To examine this antagonistic relationship at the cellular level, we performed complementary gain-of-function (GOF) experiments using virally transduced primary OPC cultures (Fig. 2A,B). Upon Daam2 viral expression, we observed no changes of OPC numbers at 2 d in vitro (div) (Fig. 2C vs. D,O); however, there were fewer differentiated OLs at 4 div (Fig. 2G,K vs. H,L,P,Q; Lee et al. 2015), indicating that Daam2 overexpression suppresses OPC differentiation. As shown in Figure 1K, in vivo histological analysis established that VHL is necessary for OL maturation. To examine whether VHL alone stimulates OPC differentiation, we overexpressed VHL in primary OPC cultures and observed a significantly increased number of MAG+ and MBP+ OLs at 4 div (Fig. 2G,K vs.
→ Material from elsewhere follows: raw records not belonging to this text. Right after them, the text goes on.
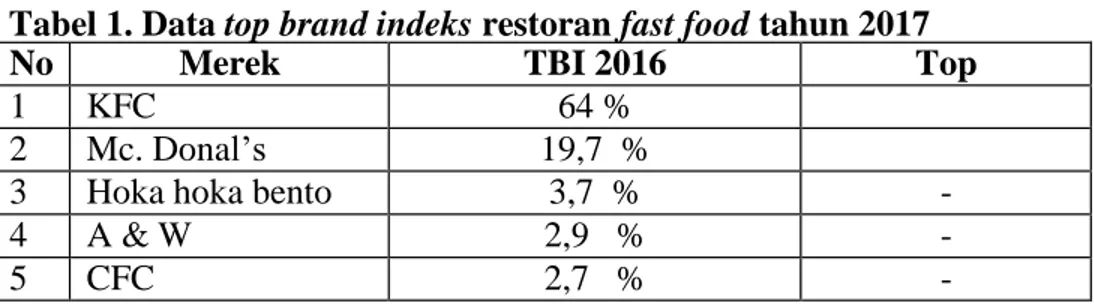 Tabel 1. Data top brand indeks restoran fast food tahun 2017 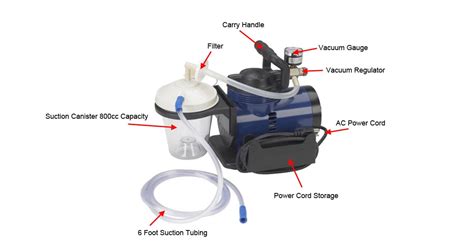 Image result for Compressor Kit Suction Machine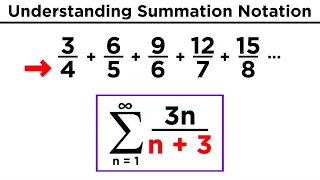 Sequences, Factorials, and Summation Notation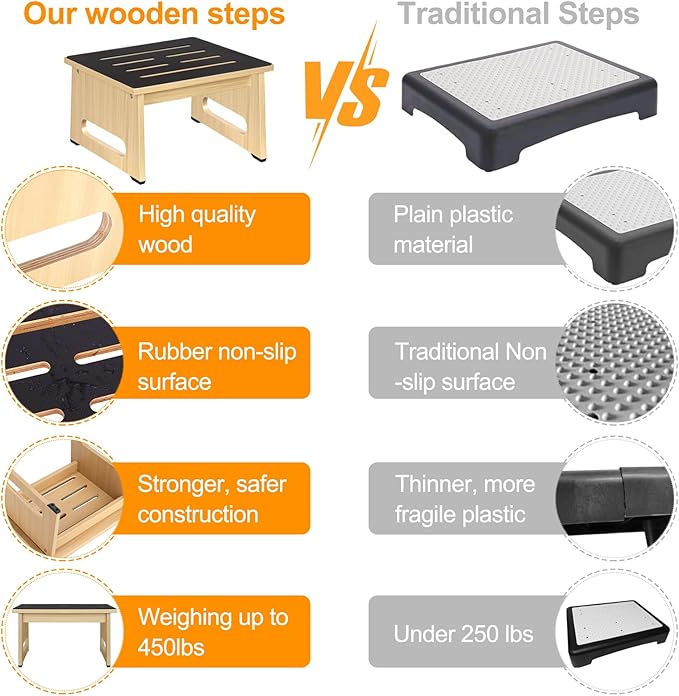One Step Stool for Adults Seniors - Image 5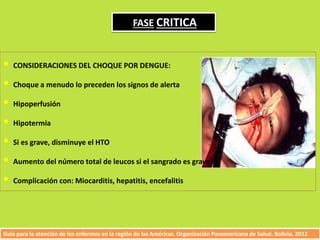 FASE CRITICA 
 CONSIDERACIONES DEL CHOQUE POR DENGUE: 
 Choque a menudo lo preceden los signos de alerta 
 Hipoperfusión 
 Hipotermia 
 Si es grave, disminuye el HTO 
 Aumento del número total de leucos si el sangrado es grave 
 Complicación con: Miocarditis, hepatitis, encefalitis 
Guía para la atención de los enfermos en la región de las Américas. Organización Panamericana de Salud. Bolivia. 2012 
 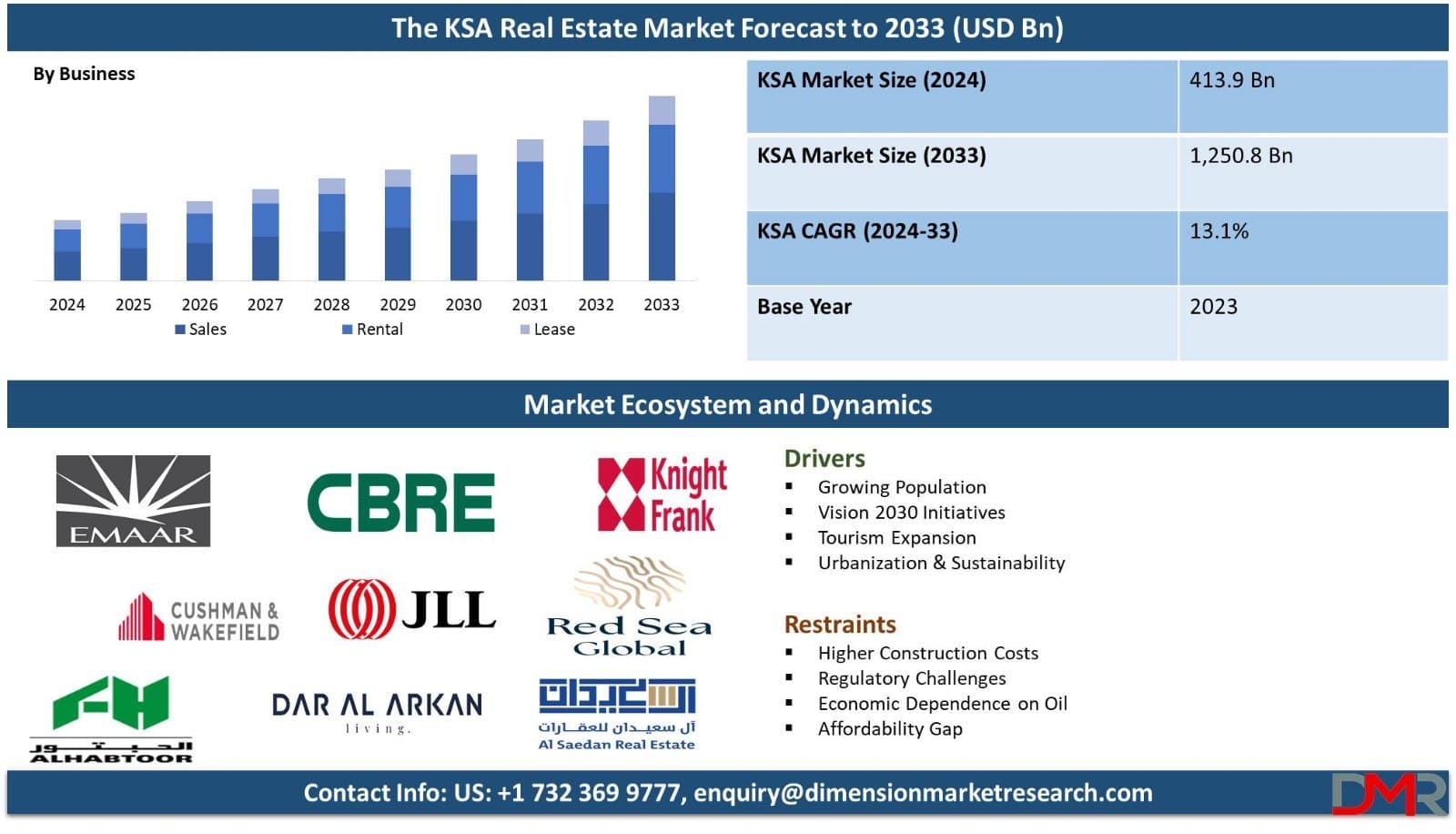 Photo shared by Anna Swanigan: Market Overview
The Saudi Arabia Real Estate Market is a major contributor to the Kingdom’s economi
I,M,P,Q), but no changes of numbers of PDGFRα+ OPC at 2 div (Fig. 2C vs. E,O). Importantly, VHL expression is sufficient to rescue the inhibition of OPC differentiation by Daam2 overexpression (Fig. 2H,L vs. J,N,P,Q), further supporting the hypothesis that Daam2 counteracts VHL function during OPC differentiation. Collectively, our double loss-of-function (LOF) and GOF studies establish a genetic hierarchy between Daam2 and VHL during OL development in vivo and in vitro.

Figure 2.

Figure 2.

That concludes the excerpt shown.